Professor Dieringer (from Bonn) states that he does in fact want to present his motion for a decision in the General Assembly, which he herewith submits as rapporteur for the minority in the following version:
“The Pius Associations declare that they are concerned only with those political questions which are directly and necessarily connected with the ecclesiastical-social purposes of the Pius Associations,” and in the event that this declaration should not become popular, he submits the sub-motion:
“It should be left up to the individual Pius Associations in the Rhineland and Westphalia as to whether and to what extent they want to concern themselves with purely political questions.”
Public reading of the motions referred to the political section, not reproduced in their wording:
Mr. Rübsahmen provides a short overview of the arguments advanced by both sides of the section in the above-cited dispute over principles, which concerns whether purely political questions [should be] excluded.
On one side, it was maintained that, if this exclusion did not take place, an assertion of many different political views could soon endanger the continued existence of the Pius Associations; the Pius Associations, it was further maintained, were to be viewed as church-related associations, and should therefore not be concerned with purely political questions.
In opposition to this, the other side stated that the danger of the schism that one wished to avoid by excluding political questions would be more easily induced by such an exclusion, as experience in Cologne, Werden, and other places has already shown. The Pius Associations are actually not church-related associations. From the outset, they have admittedly, and as a matter of preference, taken on the task of maintaining and promoting religious freedom and freedom for the church. Nevertheless, they have also had to concern themselves with political questions in order to teach people clear ideas and sound judgment. Either one has to attempt to educate the people in Catholic political associations, where everyday questions are treated from a Catholic standpoint, or leave it up to the agitators, who would soon rob them [the people] of all religious and church principles. The people today want to participate in political discussions. If one does not grant any satisfaction to their need for instruction on contemporary political questions within the Pius Associations, they would soon steer clear of them and go over to other, “purely political” associations in which their Catholic convictions would necessarily be drowned out.

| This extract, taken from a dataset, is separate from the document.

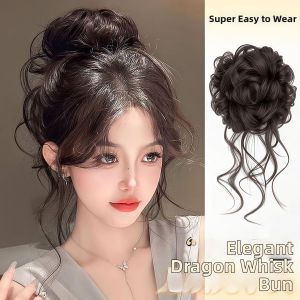 YOULE | Natural and Voluminous Synthetic Wig Flower Bun Integrated Design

After hearing this report, the above-mentioned motion of Mr. Dieringer was discussed.
Mr. Dieringer as minority rapporteur:
I appeal not to your hearts, gentlemen, but to your minds, and I hope for your good will, so that you follow me when I address a dry subject in prosaic language. First of all, I must emphasize that the motion does not read in such a way as to exclude all political questions from the purview of the Catholic associations. It would be out of the question to prevent regular meetings of the associations from dealing with political matters; we have nothing against individual members using clear insights there to contribute to instructing others about the political situation, to imparting specific and consistent views.
At the moment, it is a question of principle: whether political questions should be a subject of the Pius Associations, whether the Pius Association should publicly admit to being a political association. The Pius Associations must be, as the name and their previous history imply, not political, but rather clerical-social welfare societies. It remains only to examine what stands in direct proximity to their actual task. If the words church and state are to mean two different things, then the Pius Associations are not intended for politics; one has to take them as they are. The first Pius Congress held the [same] view that we have advanced concerning the subject of associations; the statute designates them as Catholic associations. They have not only found attention of the church, but also the approval of church authorities; the Holy Father himself has registered his approval, indeed owing to the statute. That the bishops have taken up patronage at this suggestion is a fact; the task of the Catholic associations is thereby a given.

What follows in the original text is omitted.